## REQUIRED ACTION
Copy the lines below exactly, starting with the first and finishing with the one holding "Clean 3Rd Floor"; do not copy the pictures.

## Captioned web images
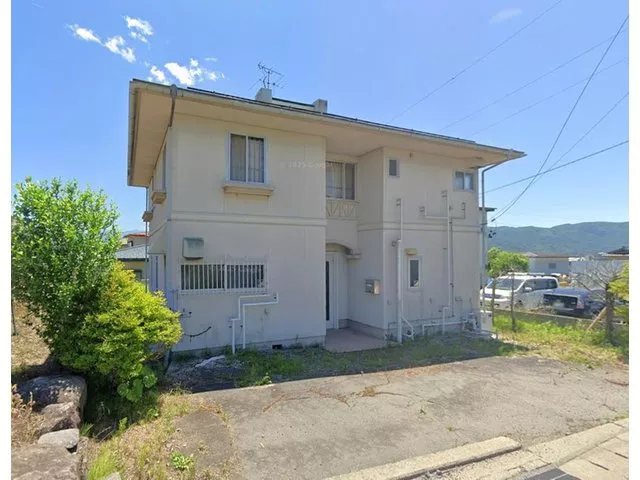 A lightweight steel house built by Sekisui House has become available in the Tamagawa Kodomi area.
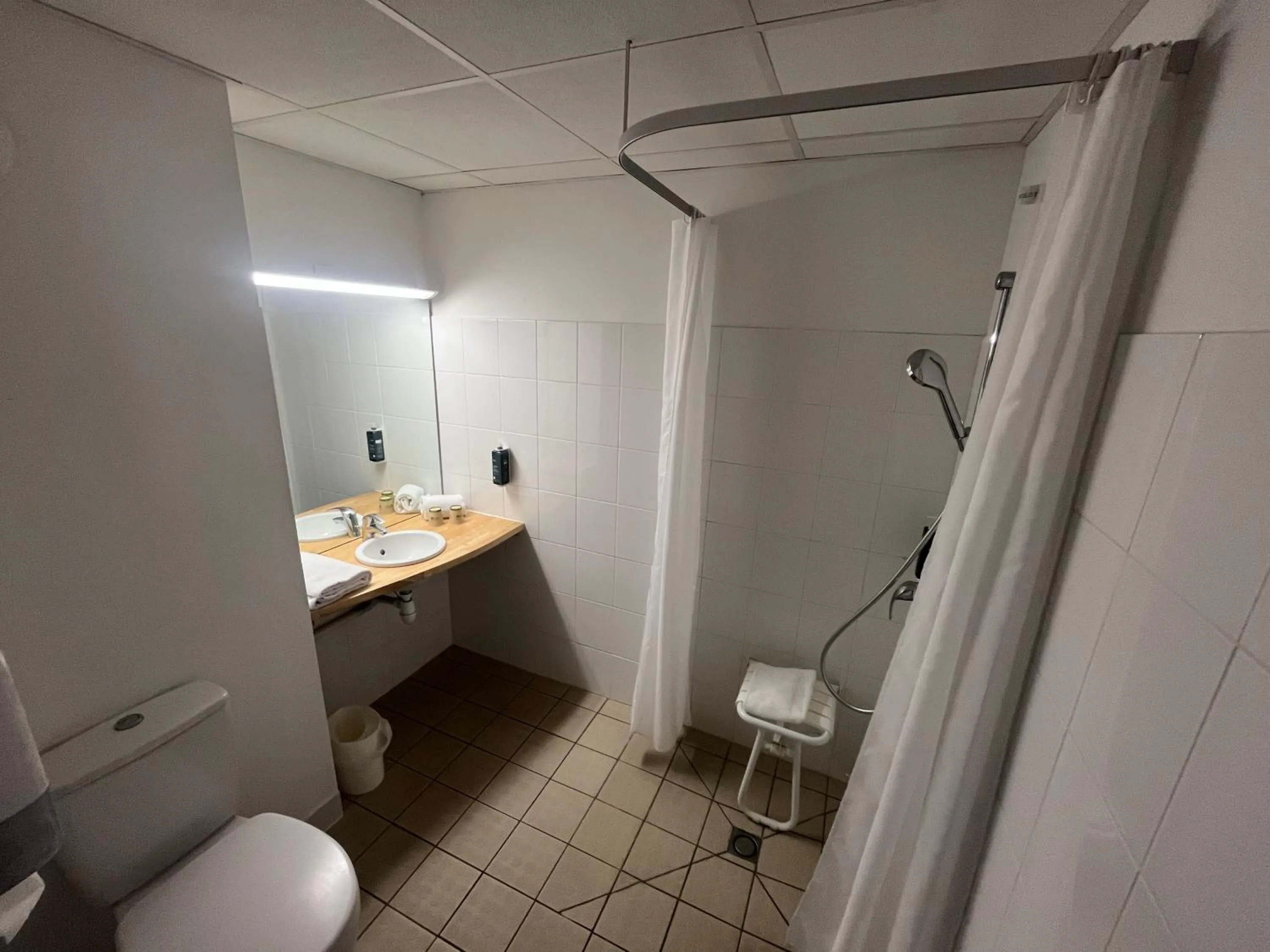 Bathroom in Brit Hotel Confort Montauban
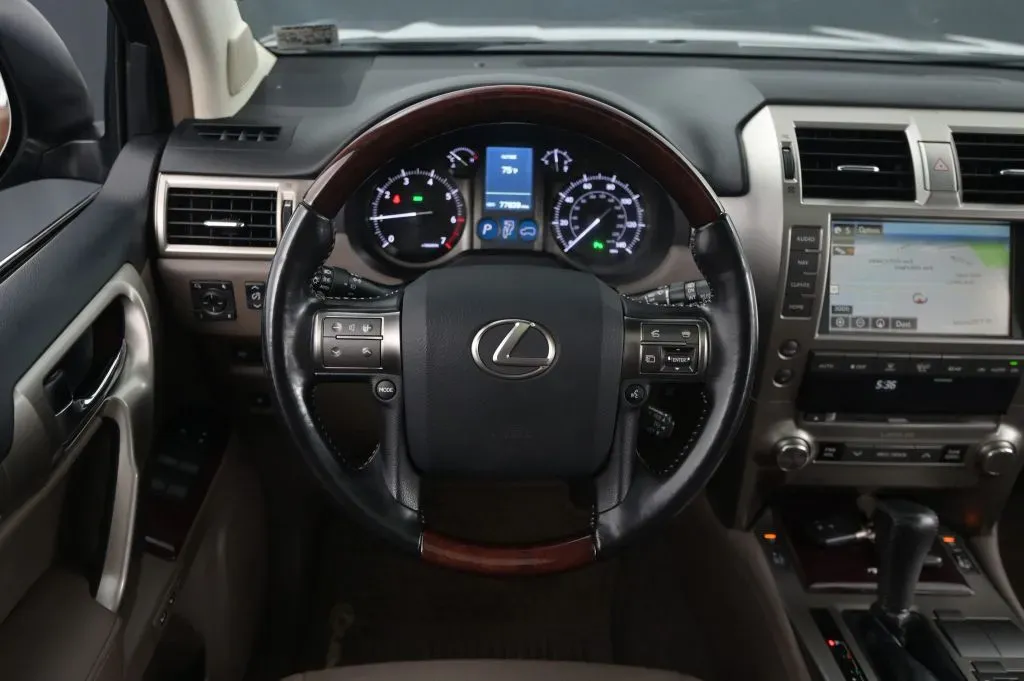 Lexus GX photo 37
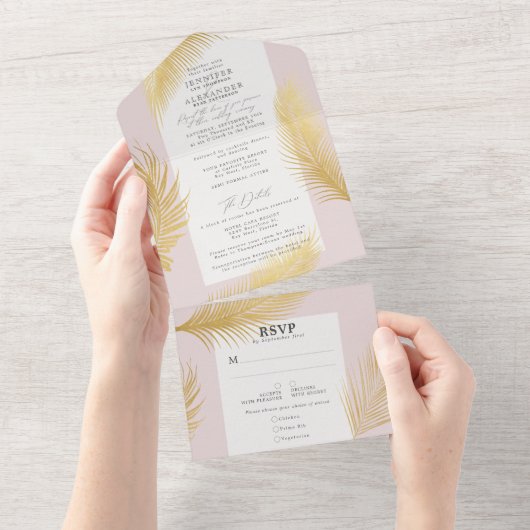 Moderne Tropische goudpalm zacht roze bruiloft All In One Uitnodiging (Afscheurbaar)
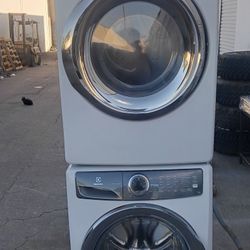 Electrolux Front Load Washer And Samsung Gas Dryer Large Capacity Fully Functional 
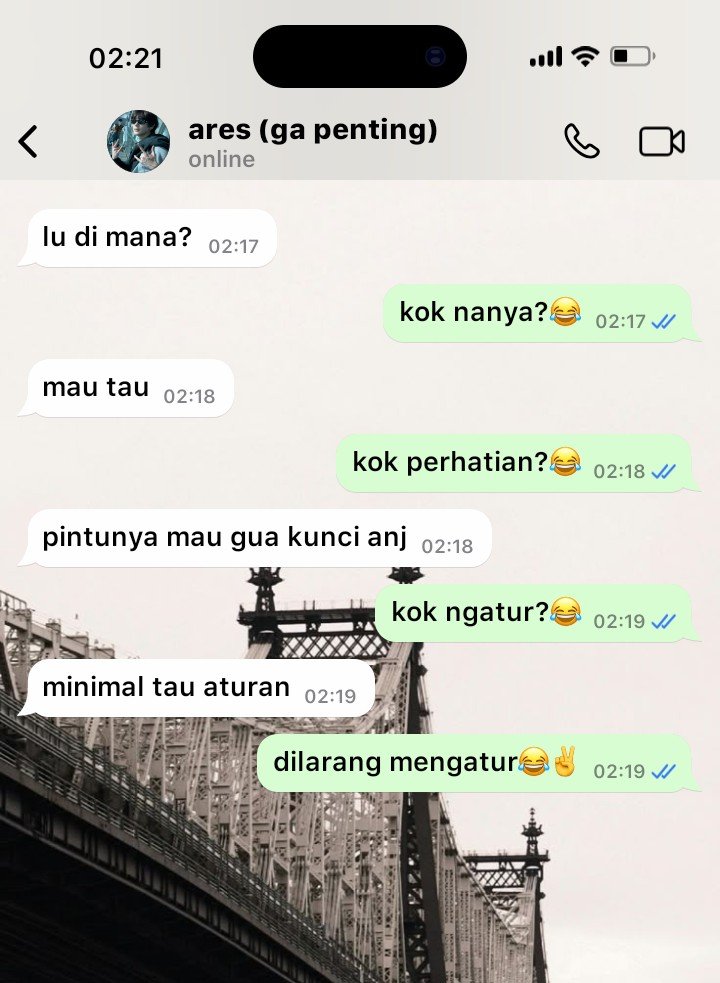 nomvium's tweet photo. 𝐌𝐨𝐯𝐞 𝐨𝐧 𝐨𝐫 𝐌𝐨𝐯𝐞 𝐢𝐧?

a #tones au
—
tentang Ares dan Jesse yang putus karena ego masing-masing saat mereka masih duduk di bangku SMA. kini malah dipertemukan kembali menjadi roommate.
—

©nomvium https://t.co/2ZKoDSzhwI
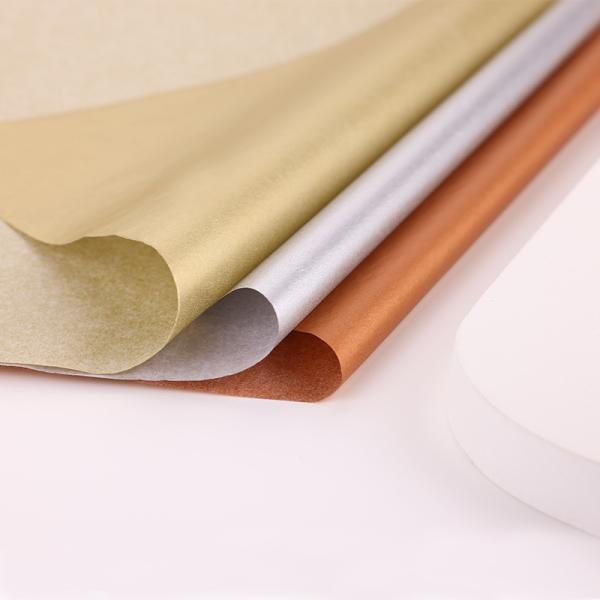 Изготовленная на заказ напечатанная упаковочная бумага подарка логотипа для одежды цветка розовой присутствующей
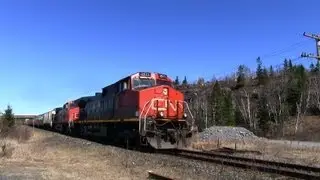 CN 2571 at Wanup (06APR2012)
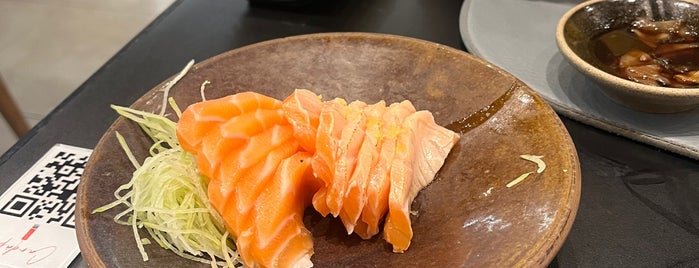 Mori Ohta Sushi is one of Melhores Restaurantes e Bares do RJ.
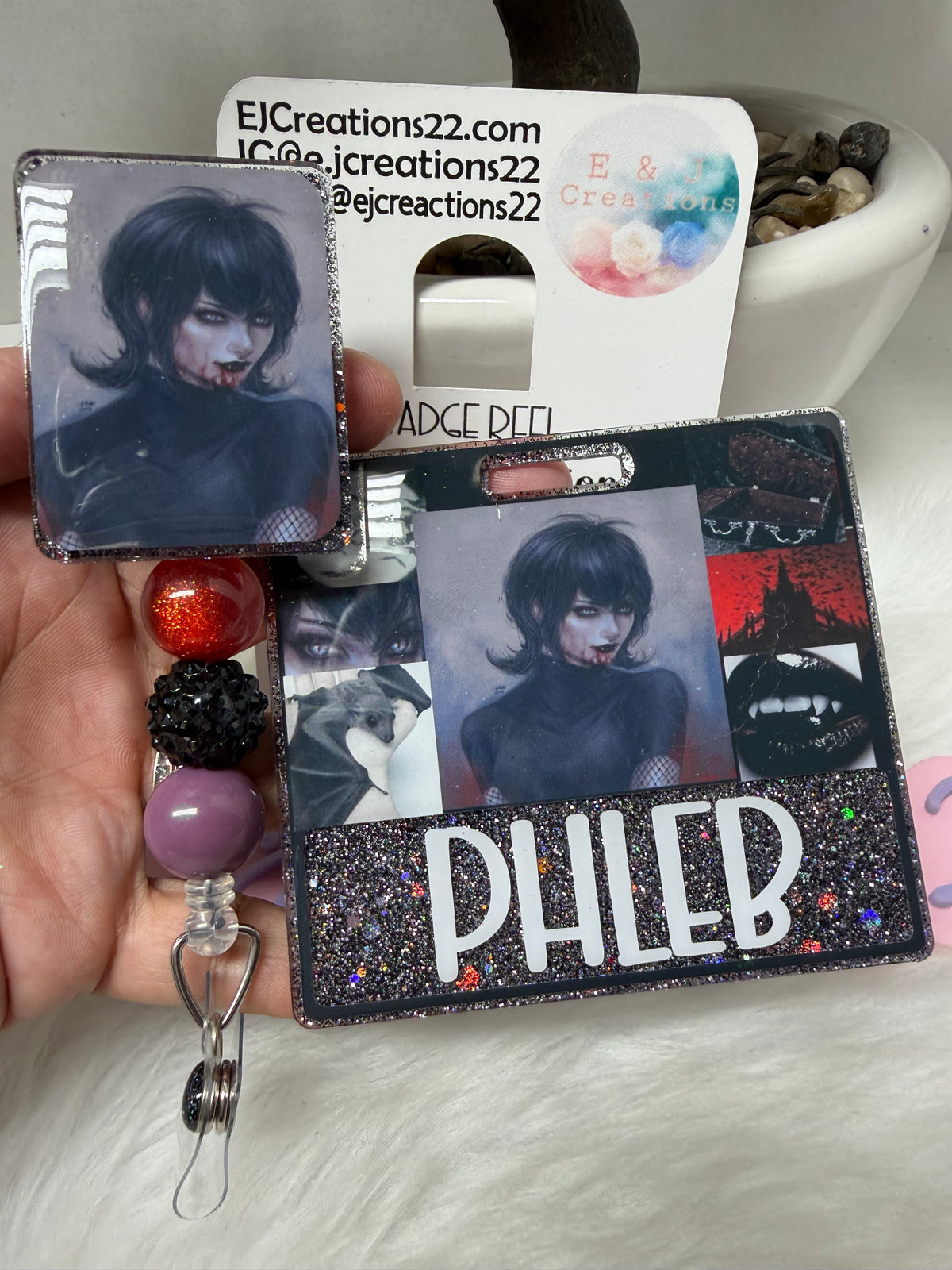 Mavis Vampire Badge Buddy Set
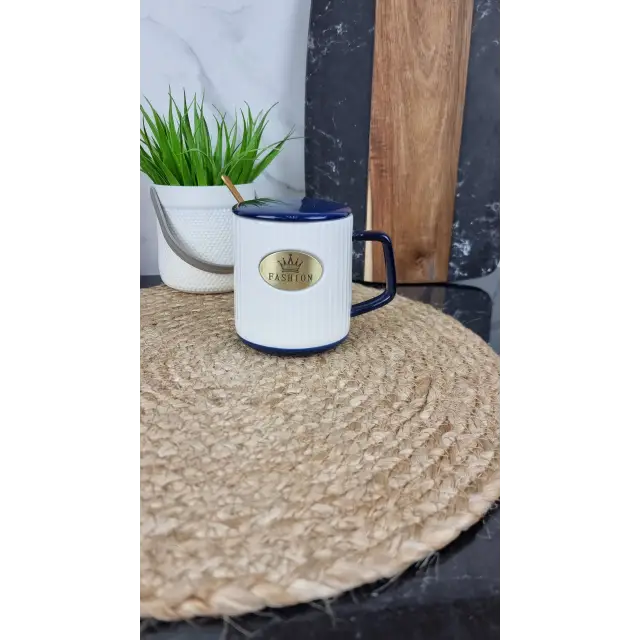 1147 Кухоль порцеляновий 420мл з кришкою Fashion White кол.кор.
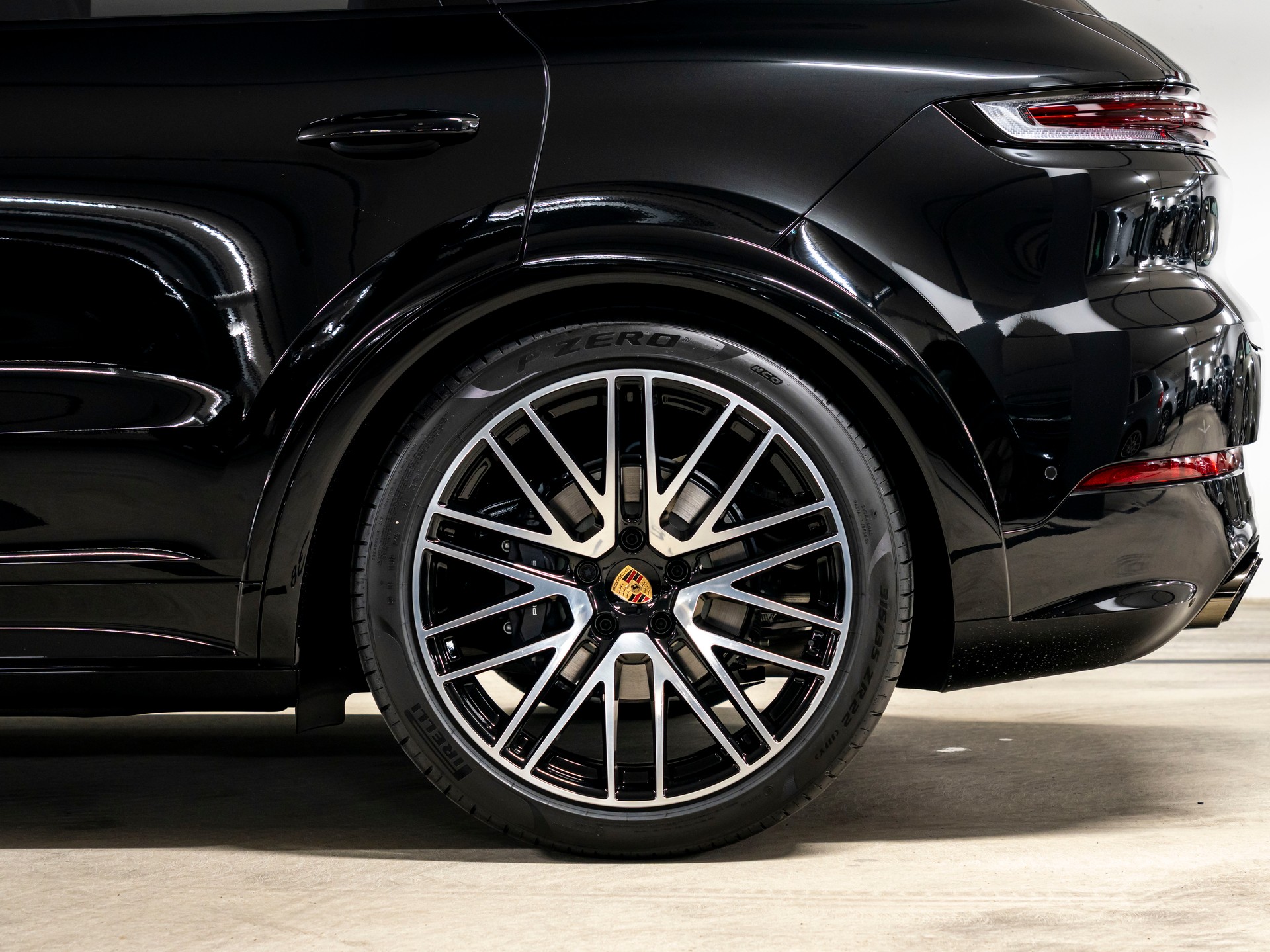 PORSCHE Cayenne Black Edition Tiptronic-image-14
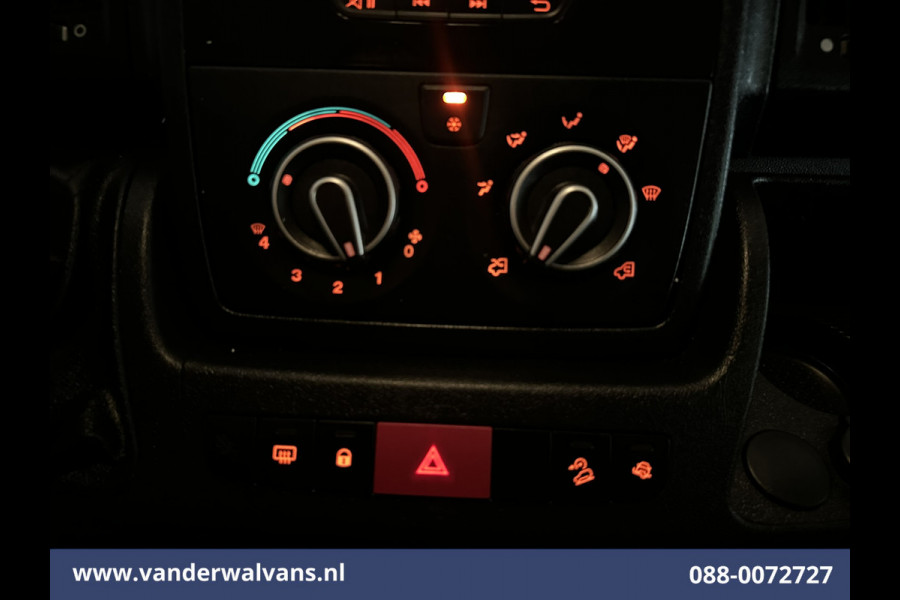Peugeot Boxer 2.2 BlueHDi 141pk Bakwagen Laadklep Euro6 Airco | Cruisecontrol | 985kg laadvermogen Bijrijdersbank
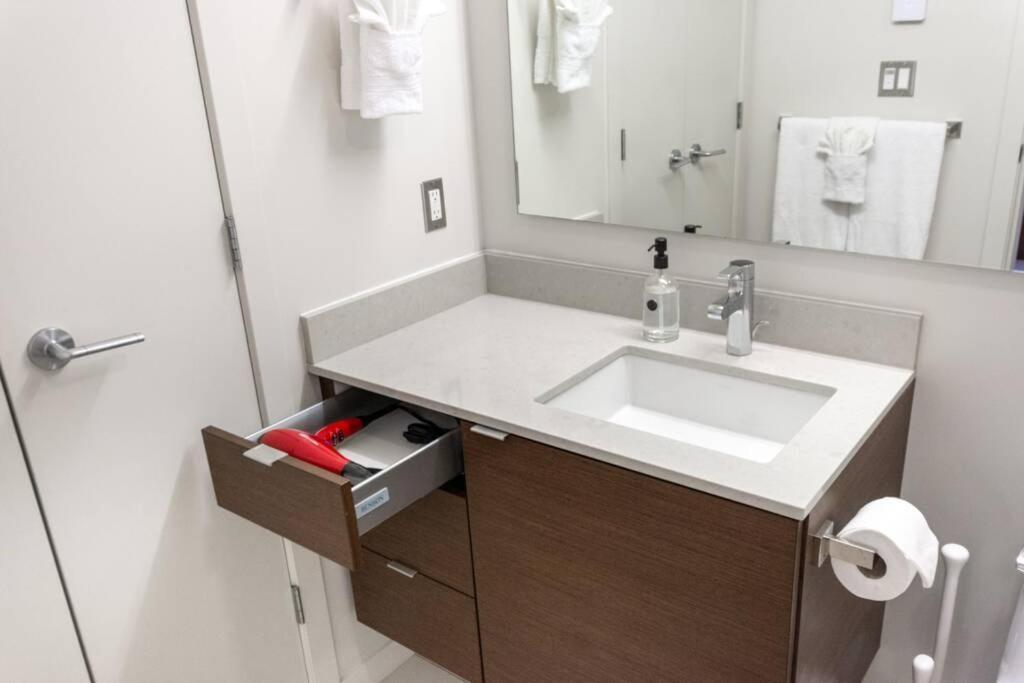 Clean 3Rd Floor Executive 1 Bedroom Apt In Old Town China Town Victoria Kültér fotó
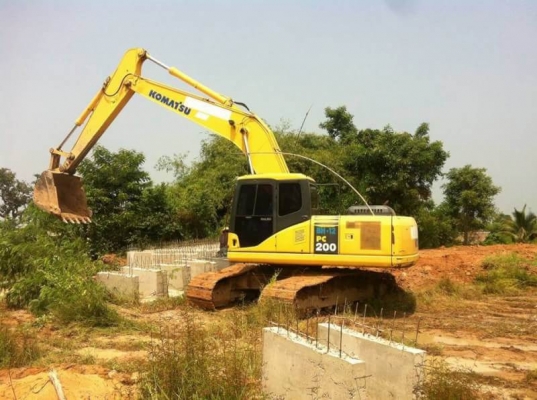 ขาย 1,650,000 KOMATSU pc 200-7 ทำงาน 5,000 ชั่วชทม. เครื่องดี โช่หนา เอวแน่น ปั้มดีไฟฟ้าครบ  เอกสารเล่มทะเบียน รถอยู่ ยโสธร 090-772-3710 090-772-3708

## OUTPUT FOR THIS EXERCISE
 A lightweight steel house built by Sekisui House has become available in the Tamagawa Kodomi area.
 Bathroom in Brit Hotel Confort Montauban
 Lexus GX photo 37
 Moderne Tropische goudpalm zacht roze bruiloft All In One Uitnodiging (Afscheurbaar)
 Electrolux Front Load Washer And Samsung Gas Dryer Large Capacity Fully Functional 
 nomvium's tweet photo. 𝐌𝐨𝐯𝐞 𝐨𝐧 𝐨𝐫 𝐌𝐨𝐯𝐞 𝐢𝐧?

a #tones au
—
tentang Ares dan Jesse yang putus karena ego masing-masing saat mereka masih duduk di bangku SMA. kini malah dipertemukan kembali menjadi roommate.
—

©nomvium https://t.co/2ZKoDSzhwI
 Изготовленная на заказ напечатанная упаковочная бумага подарка логотипа для одежды цветка розовой присутствующей
 CN 2571 at Wanup (06APR2012)
 Mori Ohta Sushi is one of Melhores Restaurantes e Bares do RJ.
 Mavis Vampire Badge Buddy Set
 1147 Кухоль порцеляновий 420мл з кришкою Fashion White кол.кор.
 PORSCHE Cayenne Black Edition Tiptronic-image-14
Peugeot Boxer 2.2 BlueHDi 141pk Bakwagen Laadklep Euro6 Airco | Cruisecontrol | 985kg laadvermogen Bijrijdersbank
 Clean 3Rd Floor Executive 1 Bedroom Apt In Old Town China Town Victoria Kültér fotó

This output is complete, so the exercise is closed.